Анатолий Луначарский - ОБ ИСКУССТВЕ. ТОМ 1 (Искусство на Западе)
Валентин печальными глазами смотрел на Давида, и чувствовалось, что это для него не пустые фразы и не летучие фантазии, а мысли и чувства поистине мучительные, которые могут находить утоление, только обретая свое художественное выражение, возводя свою больную печаль до степени красоты.

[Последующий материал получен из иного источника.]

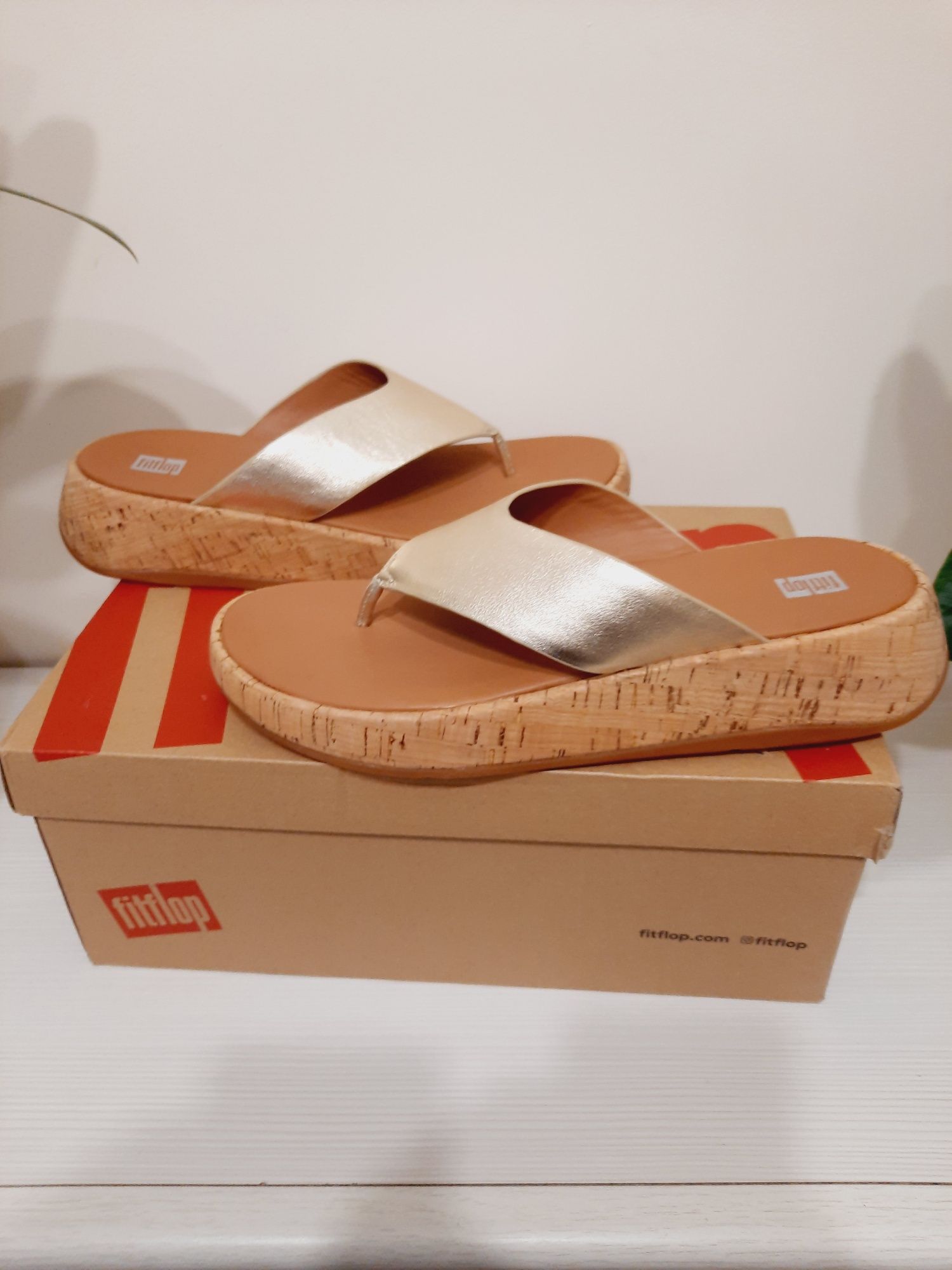 Fitflop śliczne klapki skórzane 42 wkł 27 Nowe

И Давид сказал: «Я не отрицаю за эпохами и отдельными лицами права вкладывать свое содержание в старые памятники искусства, обвивать их своими грезами, своими радостями и скорбями. К тому же те идеи, которые вы передо мной развиваете, могли, конечно, жить и в душе греческого художника, перед произведением гения которого мы стоим. Тем не менее мне кажутся очень рискованными ваши толкования. Душа этих мраморов представляется мне более простой и непосредственной и в то же время более живой и по–своему более глубокой. Более близкой также к мировоззрению энергическому и боевому. Но тут, может быть, я уже и сам субъективно вкладываю то, что дорого мне, в старые формы, когда они кажутся мне для этого подходящими».
«Я с удовольствием выслушаю ваши мысли по поводу этих архаических скульптур», — сказал Валентин.
11. «Magnificat»[88]
В одном из моих писем мне приходилось уже касаться того великого экономического явления, которое послужило причиной великому культурному явлению — Ренессансу. Расцвет ремесла в северной Италии, переход к капитализму в форме домашней индустрии, накопление капиталов, торговля с Востоком и с Севером, развитие ростовщического капитала — вот основы быстрого прогресса, могущества и благосостояния свободных итальянских коммун, типичнейшей и едва ли не могущественнейшей из которых являлась Флоренция.
Естественно, что одновременно с ростом богатства коммун самый строй их испытал глубокие изменения. Ремесло стало организовываться вокруг негоциантов–скупщиков, и золотой дождь, падавший на города, скрплялся, в отличие от дождя водного, на вершинах, задерживался в кованых сундуках нескольких десятков удачливых семейств. Недавно завоеванная в борьбе с феодальной знатью демократия вновь затрещала по всем швам под напором жажды к власти новой денежной аристократии. Борьба крупных и мелких граждан привела к возвышению тиранов, умевших льстить обиженной массе и дать достаточные гарантии трепещущим за свое могущество богачам.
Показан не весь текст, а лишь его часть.